The sightings were also the first time the critically endangered bats have been seen in that area of the Richmond Ranges in the last decade.
Wright and his wife Annette Lees were tramping through the rugged landscape from Porters Creek Hut to Starveall Hut, which is part of the Te Araroa trail, in December.
It wasn’t the only bat encounter Wright had that week. On the last night while staying at Starveall Hut, Wright said he opened the toilet door during the night and something started fluttering around, flying in and out of the toilet.
“It was chaotic because there was this thing flying right around my head real close…I was completely taken aback and surprised by that.”
Wright said it was “total luck” he had the encounters, which he chalked up as a once in a lifetime experience.
On both occasions, the bats had been feeding on an insect in the beam of his head torch.
“It was exactly the same experience and I suddenly thought, this is not a once off, these animals have actually habituated on this opportunity and they are using it.”
While bats use echolocation to navigate and find food in the dark, Wright suspected those living near the increasingly popular Te Araroa trail had learnt torchlight was likely to attract insects and therefore provide an easy meal.
Te Hoiere/Pelorus Bat Recovery Project manager Gillian Dennis said for Wright to have two sightings on one trip was “pretty amazing”.
Sightings of long-tailed bats had not previously been reported at either hut. The closest sites they had been detected during the past decade were below Browning Hut, about 5 km north of Starveall Hut and near Tophouse, about 15 km south of Porter’s Creek Hut.
“It is a fantastic encounter to have it so close, flying into his face where he could clearly see it and the second one, flying past his head.

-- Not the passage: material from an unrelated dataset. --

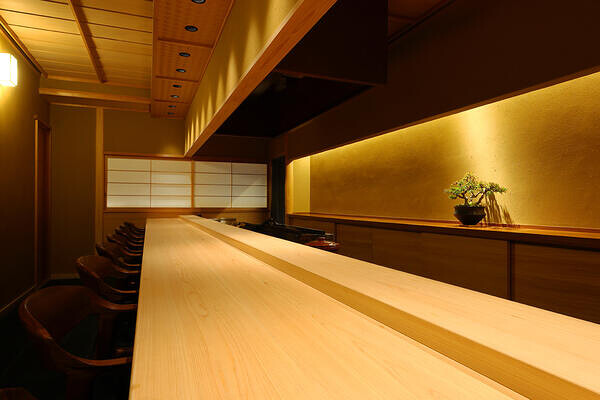 酉囃子 焼鳥店の内装・外観画像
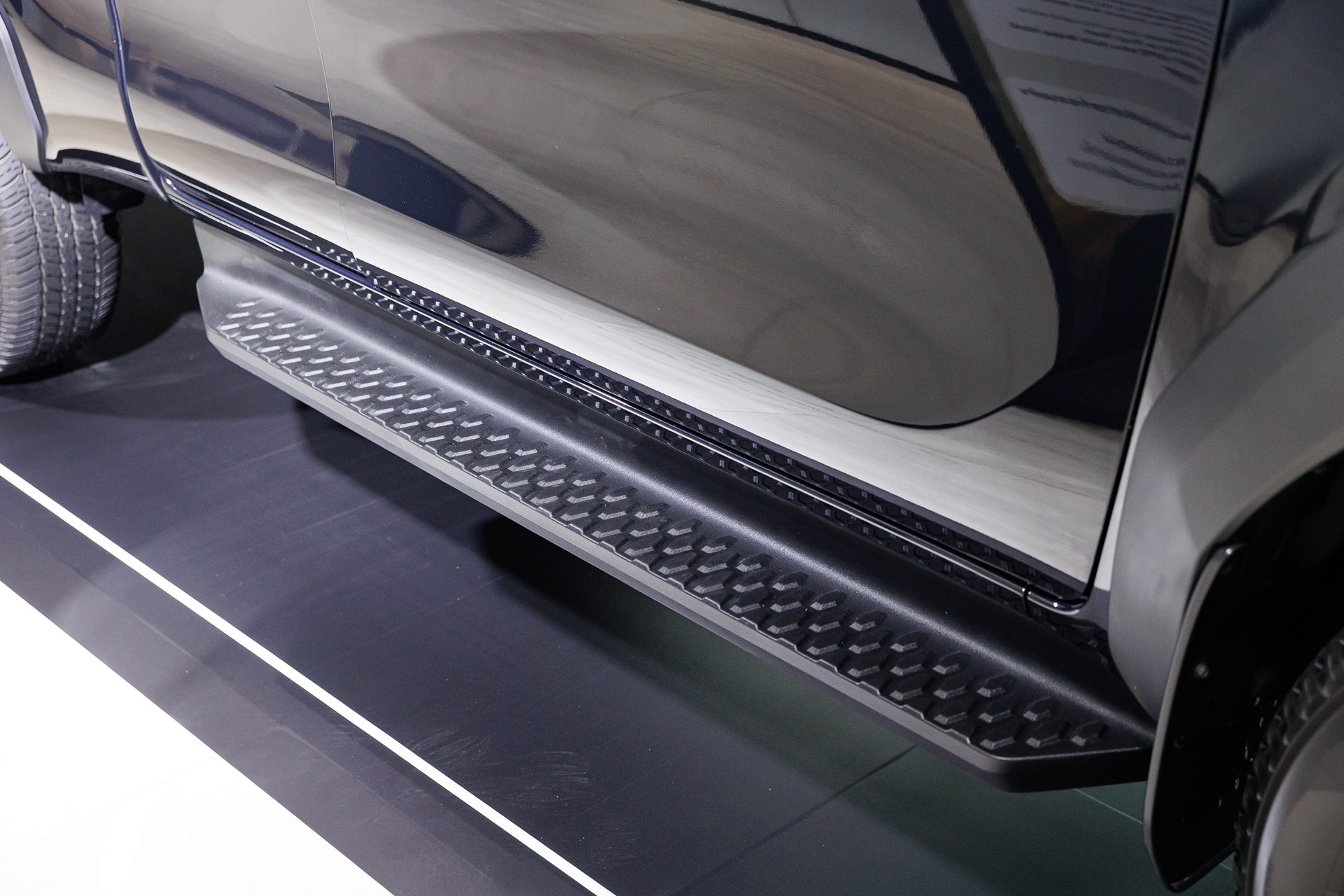 รูปภาพ โตโยต้า Toyota Hilux Travo Smart Cab Prerunner 2.8 Premium AT ปี 2025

“Not many people have that experience, people get excited just picking them up on detectors let alone seeing them up close.”
Dennis said there had also been sightings of long-tailed bats at Tophouse, Kikiwa and St Arnaud. While it was possible bats lived there, she said it was more likely they roosted in the Mt Richmond Forest Park and left the area to forage for food.
“Now we have had reports of sightings at those huts as well we are definitely keen to get detectors up there.”
Long-tailed bats, pekapeka-tou-roa, are critically endangered and are one of only two native land mammals in New Zealand. They have the same threatened status as the kākapo.
The project, a Forest & Bird initiative, aims to protect the bat population discovered at Pelorus in 2005.
The summer monitoring is now in its third season and Dennis said it hoped to run for another 10 years.
As part of the project, bats are caught and tiny radio transmitters are fitted, so they can be tracked back to their roosts. Each roost is then plotted and surveyed to see how many bats are coming and going.
In December 2019, an acoustic lure which plays bat calls, was tested at the annual volunteer barbecue for the first time, resulting in two bats being caught in a nearby harp trap.
The year before, 12 new roosting sites were discovered at the Brown River Reserve and Carluke Reserve near Rai Valley.
Dennis said the aim was to work out where the bats were roosting to determine if the pest control was being carried out in the correct areas to protect the bat population and to compare their annual survival rates.
She hoped biannual surveys could be done throughout the catchment area, including on the Nelson side, in order to determine if the population was growing or spreading.